What you are asked to do: Apart from the pictures, every entry below must be given again exactly.

Supplied records: Begin

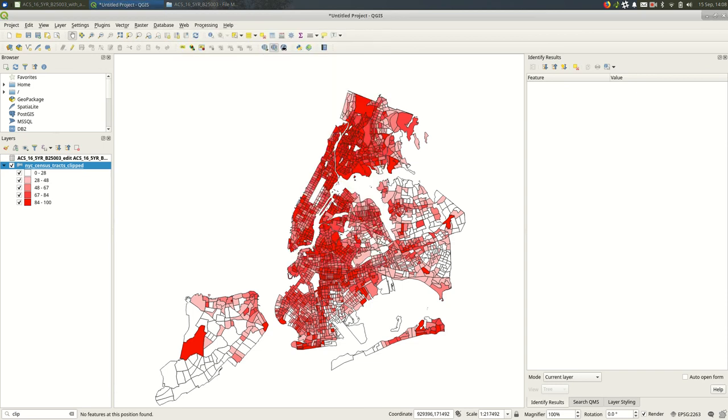Okay. That is how you do attribute joins, specifically with census tracts and census data. I hope it was useful.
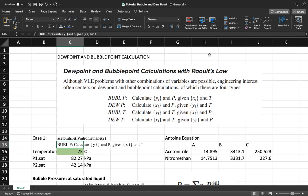The difference between Raoult's Law and modified Raoult's Law is that for Raoult's Law we identify that the vapor is ideal and the liquid is also ideal — so it uses ideal vapor and also ideal liquid. The vapor-liquid equilibrium problems of engineering interest focus on dew point and bubble point calculations, and there are four types.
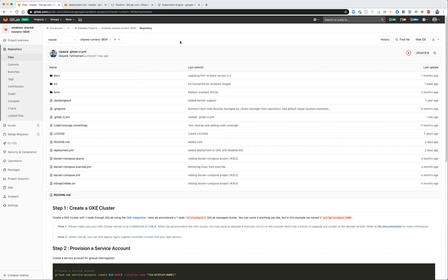My name is Mani Paldramani. I'm going to do a quick walkthrough of how to use Windows shared runners on GitLab.com.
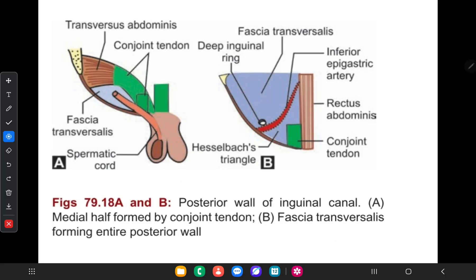An important relation to remember: the inferior epigastric artery is a medial relation to the deep inguinal ring.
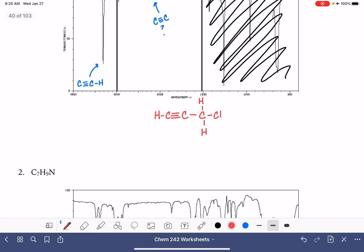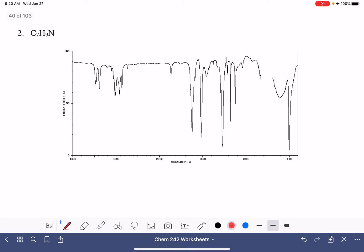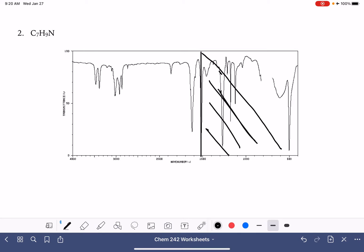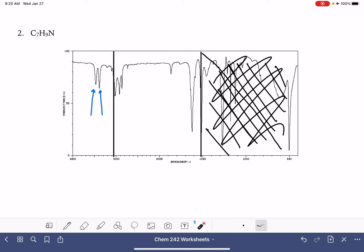Let's move on to the next one. This molecule's formula is C7H9N. Since I know that I have a nitrogen present, I'm going to be looking for NH bonds to the left of the 3000 line in this special hydrogen area. I'm beginning by ignoring everything on the right-hand side of the 1500 line. We're looking for the NH peaks because the formula indicated nitrogen is present. Since there are two NH peaks, that means I have two NH bonds.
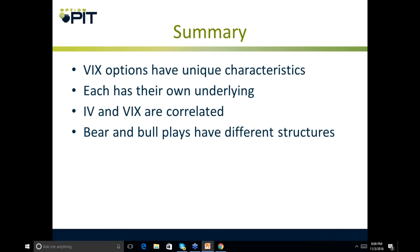In summary, VIX options have unique characteristics. Each expiration has its own underlying. IV and VXX are correlated, and bear and bull plays have different strengths.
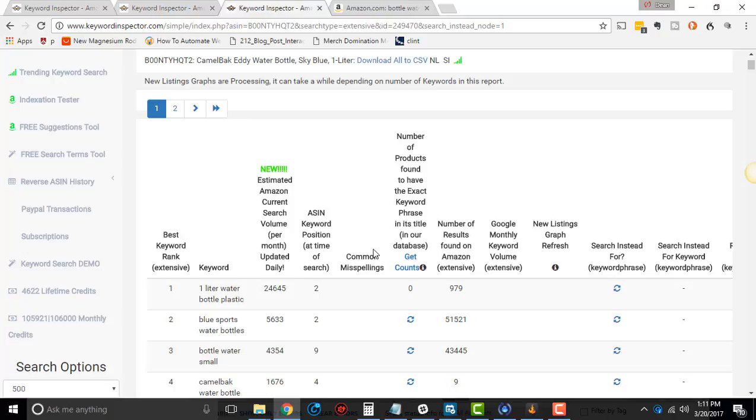And it's awesome. I'll show you how I spy on my competitors, how I use it to also find out what people are searching for. And you can use it to actually make some really good money with reverse ASIN.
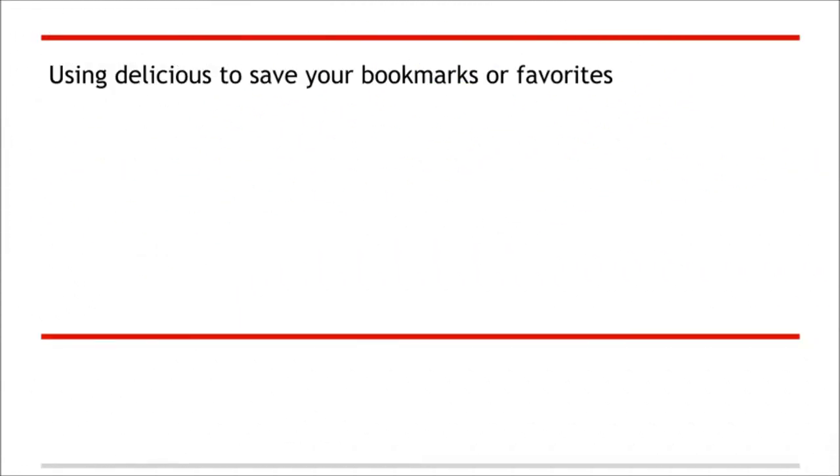Hi, this is Jerry. Today we're going to talk about using Delicious.com to save your bookmarks in the cloud.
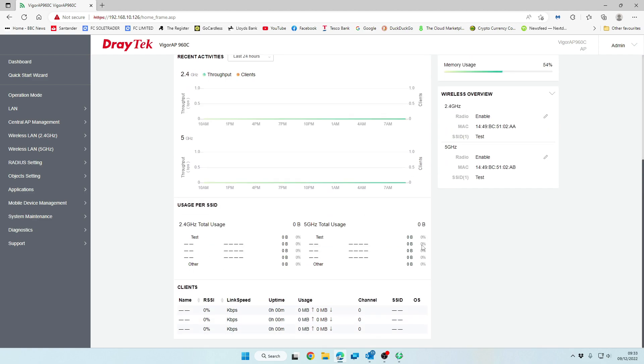And there we are. That's all there is to it. It's a nice, simple setup walkthrough of the Wi-Fi 6 Draytek 960C. So if you found that video useful, give us a thumbs up. Don't forget to subscribe to the channel. I just want to say thank you for watching and we'll see you in the next one.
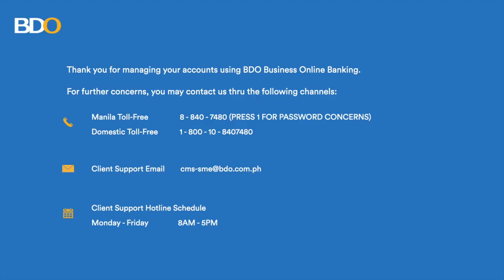Thank you for managing your account using BDO Business Online Banking. For further concerns, you may call us at 8840-7480 or email us at cms-sme@bdo.com.ph.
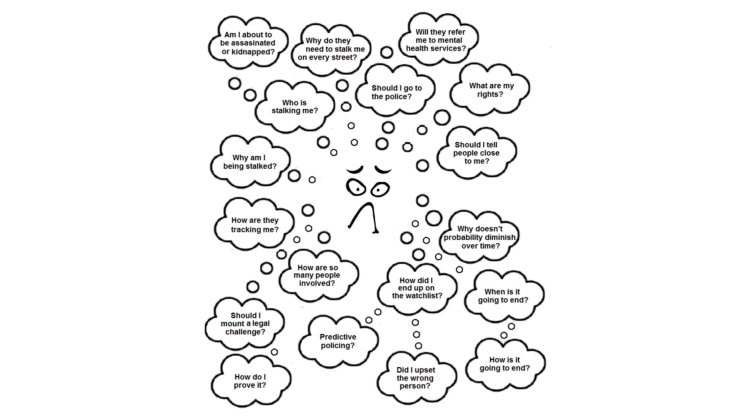The Confusion Phase and Intense and Chronic Stress. Once the target knows they are under surveillance, they will become very confused about what is happening to them.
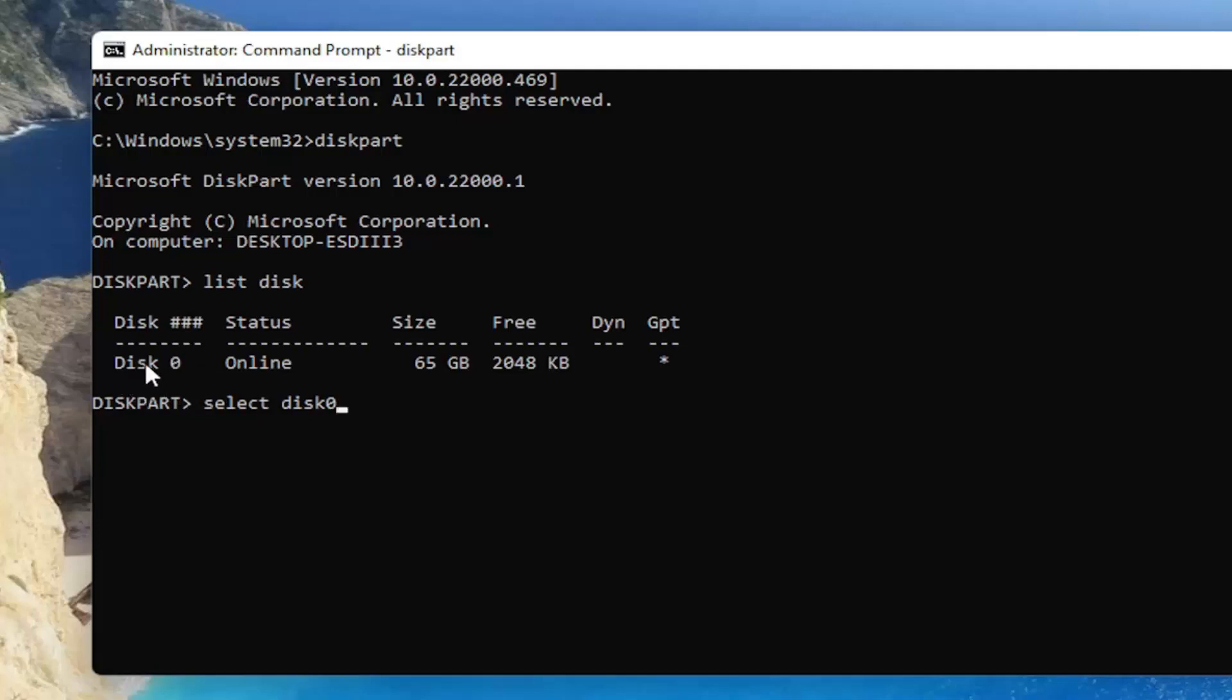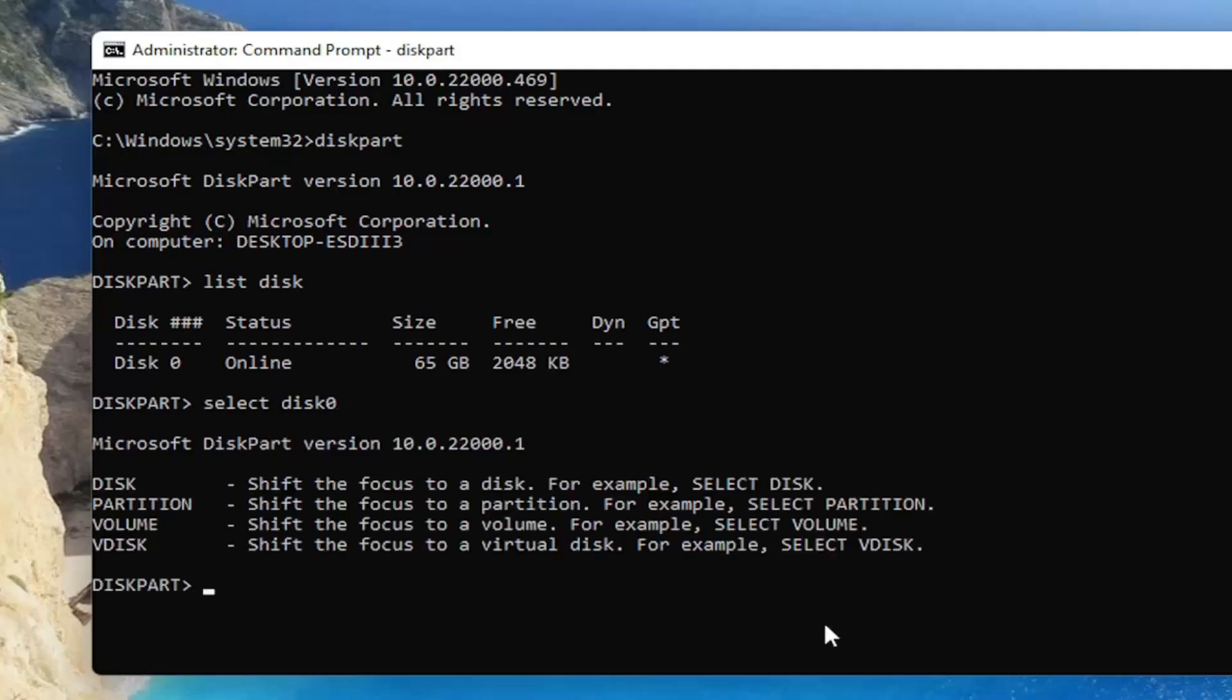You can't convert the only disk you have on your computer. So anyway, I'm going to select disk and type in the number of the disk you want to change to a dynamic type, then hit Enter.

Supplied records: End

Task output:
Okay. That is how you do attribute joins, specifically with census tracts and census data. I hope it was useful.
The difference between Raoult's Law and modified Raoult's Law is that for Raoult's Law we identify that the vapor is ideal and the liquid is also ideal — so it uses ideal vapor and also ideal liquid. The vapor-liquid equilibrium problems of engineering interest focus on dew point and bubble point calculations, and there are four types.
My name is Mani Paldramani. I'm going to do a quick walkthrough of how to use Windows shared runners on GitLab.com.
An important relation to remember: the inferior epigastric artery is a medial relation to the deep inguinal ring.
Let's move on to the next one. This molecule's formula is C7H9N. Since I know that I have a nitrogen present, I'm going to be looking for NH bonds to the left of the 3000 line in this special hydrogen area. I'm beginning by ignoring everything on the right-hand side of the 1500 line. We're looking for the NH peaks because the formula indicated nitrogen is present. Since there are two NH peaks, that means I have two NH bonds.
In summary, VIX options have unique characteristics. Each expiration has its own underlying. IV and VXX are correlated, and bear and bull plays have different strengths.
And it's awesome. I'll show you how I spy on my competitors, how I use it to also find out what people are searching for. And you can use it to actually make some really good money with reverse ASIN.
Hi, this is Jerry. Today we're going to talk about using Delicious.com to save your bookmarks in the cloud.
And there we are. That's all there is to it. It's a nice, simple setup walkthrough of the Wi-Fi 6 Draytek 960C. So if you found that video useful, give us a thumbs up. Don't forget to subscribe to the channel. I just want to say thank you for watching and we'll see you in the next one.
Thank you for managing your account using BDO Business Online Banking. For further concerns, you may call us at 8840-7480 or email us at cms-sme@bdo.com.ph.
The Confusion Phase and Intense and Chronic Stress. Once the target knows they are under surveillance, they will become very confused about what is happening to them.
You can't convert the only disk you have on your computer. So anyway, I'm going to select disk and type in the number of the disk you want to change to a dynamic type, then hit Enter.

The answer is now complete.